Gebauter Populismus: Als ob es ein Recht auf schlechten Geschmack gäbe
Wildwuchs von Einfamilienhäusern, Ressourcenverschwendung, eine Landschaft im Dienst des Bauens: In Österreich sind die Folgen rechter Nachhaltigkeitspolitik dramatisch – auch wenn die FPÖ sich gern als «Heimatschutzpartei» geriert.

Es ist eine wohlwollende Sicht auf Land und Leute, die in der österreichischen Bundeshymne zum Ausdruck kommt: Von einem «Volk, begnadet für das Schöne» ist in der ersten Strophe die Rede. Doch baukulturell betrachtet, kann diese Einschätzung freilich nur mit Blick auf die Vergangenheit unwidersprochen bleiben.
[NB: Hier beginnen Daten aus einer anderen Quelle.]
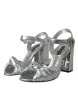 Silver Lambskin Leather Heels Sandals Shoes sold by Louxly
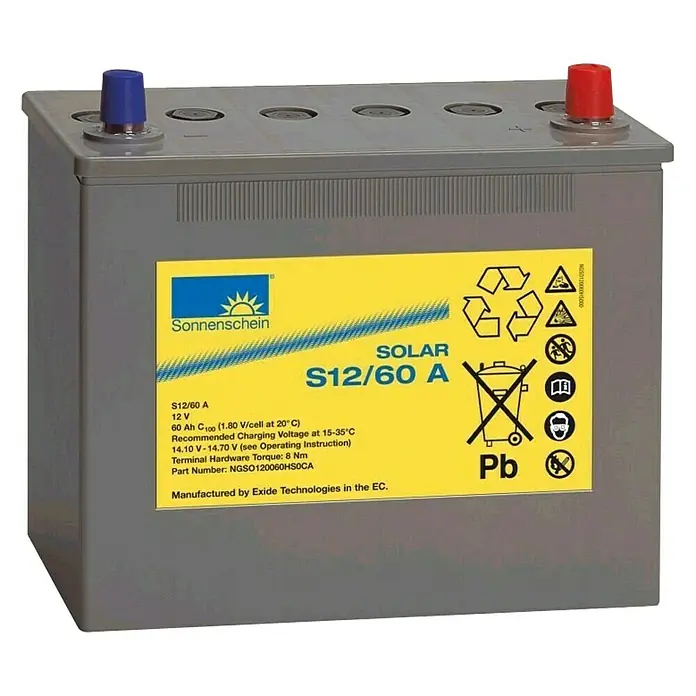 Sunset Solar-Gelbatterie - 60 Ah, 12 V - Abbildung einer 12V 60Ah Sonnenschein Solarbatterie S12/60 A für Solarstromspeicheranwendungen.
Denn was sich heute in Österreich landauf, landab an gebauter Scheusslichkeit und ignoranter Verunstaltung findet, deutet vielmehr auf eine kollektive ästhetische Abstumpfung hin. Gut, Gewerbehallen und Supermärkte schauen nicht nur in der Alpenrepublik unsäglich banal aus. Aber deren Bauherren geht es auch nicht um Dauerhaftes oder gar Repräsentatives, sondern um Kostenminimierung – auf Kosten des Stadt- und Siedlungsbilds. Dagegen ist von den eineinhalb Millionen Einfamilienhäusern in Österreich ein jedes geradezu ein Lebenswerk, in das oft ein Vermögen fliesst.
Und was verraten die Hunderttausenden Eigenheime aus den letzten drei, vier Jahrzehnten über ihre Erbauer:innen? Dass vielen der Gedanke an so etwas wie Einheitlichkeit oder Einordnung in ein Siedlungsgefüge völlig abhandengekommen ist. Vielmehr geht es darum, sich von allen anderen zu unterscheiden, der eigenen Individualität baulichen Ausdruck zu verleihen – ja sich selbst in Ziegel oder Beton zu verwirklichen. Aedifico, ergo sum – ich baue, also bin ich! Die Kommunen haben längst damit aufgehört, den «Häuslbauern» irgendetwas vorzuschreiben. Als ob es ein Recht auf schlechten Geschmack gäbe – und auf seine bauliche Manifestation.